[arin-ppml] Policy Proposal (Global): Allocation of IPv4 Blocks to Regional Internet Registries - Revised

David Farmer farmer at umn.edu
Wed Mar 11 17:08:42 EDT 2009


On 11 Mar 2009 Martin Hannigan wrote:

> Changes that are ok under the global pdp are very minor non-contextual
> changes. Changes that would be subject to scrutiny by the ASO AC are
> changes that cause a policy to significantly differ from one region to
> another. If the AC, for example, fixed some fuzzy language, that could
> be enough to significantly change the policy since it could be
> interepreted differently vs. a version in another region.
>
> My suggestion would be that the AC either forward this policy or send
> it back to the authors so that they can decide how they want to
> proceed, either withdrawing it and starting from scratch or trying to
> fix it without a major contextual change.

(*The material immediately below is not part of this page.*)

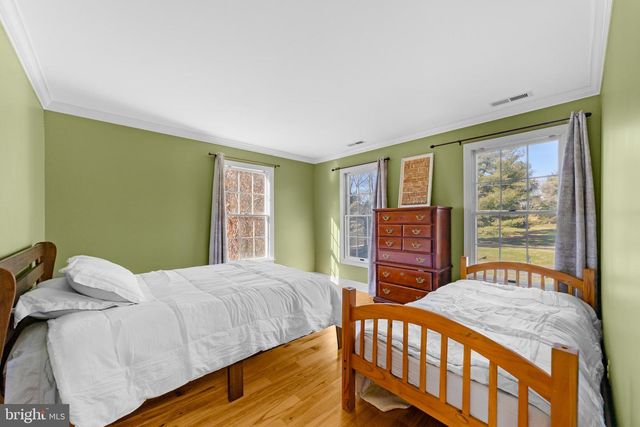 38 LARSEN RD, Ringoes, NJ 08551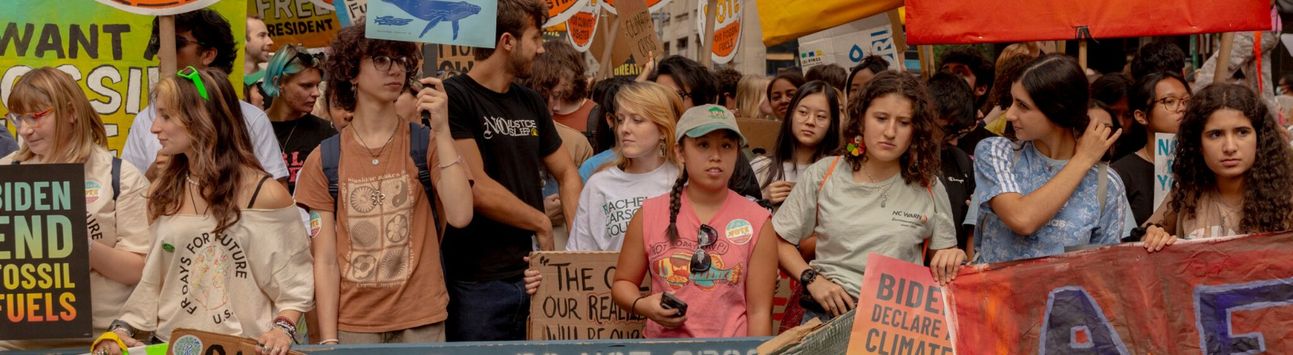 New York'ta onbinlerce kişi fosil yakıtlara son verilmesi talebiyle gösteri yaptı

Based on your previous post I assume you are not in favor of moving it 
forward, and would favor sending it back to the authors.

I believe we should send it back to the authors too, but if we do that and we 
want them to make changes, rather than just scrap it, I believe it would be a 
good idea to give them feedback on how we would like to see it changed to 
as be more suitable to the ARIN community

There are several issues I think we should give them feedback on:

1.  RIR assigned vs. Legacy Blocks -  It might be be helpful to differentiate 
between Legacy assignments and RIR assigned /8s.  Like making return of 
RIR assigned block optional, and Legacy assigned block mandatory.

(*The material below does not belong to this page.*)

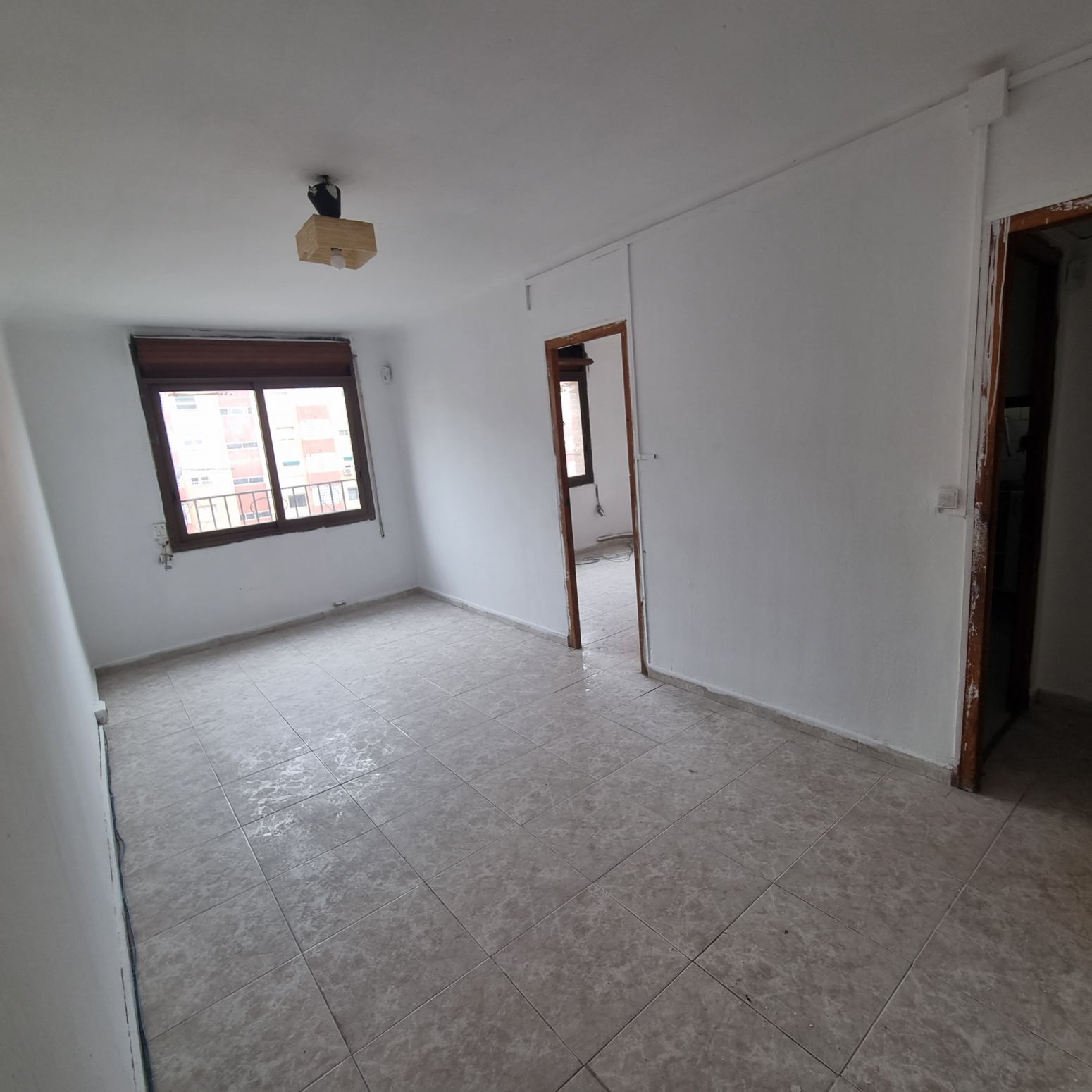 Sin Posesion-Venta-Santa Coloma de Gramanet-1005039-Foto-6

2. General Fragmentation - There are several reasons, geolocation, regional 
route aggregation, etc... that it is useful to be able to make assumptions 
about addresses in big blocks.  While some amount of this kind of 
fragmentation is inevitable, to the extent possible it would be helpful to 
minimize this fragmentation.  At the very least, IANA should be charged to 
minimize fragmentation when reallocating blocks to the RIRs

3. DNS Reverse Zone Fragmentation - Fragmentation will also affect the 
DNS reverse zones, while probably a manageable issue, it wouldn't hut to 
minimize this as much as possible too.  From a reverse zone point of view, 
/16 is the next logical break point down from /8 where IANA manages things 
now.  How do we plan to deal with this, does it become a inter-RIR issue to 
redelegate the appropriate reverse zones, or does IANA take over the /8 
level and delegate out the /16 reverse zones appropriately to the RIRs? 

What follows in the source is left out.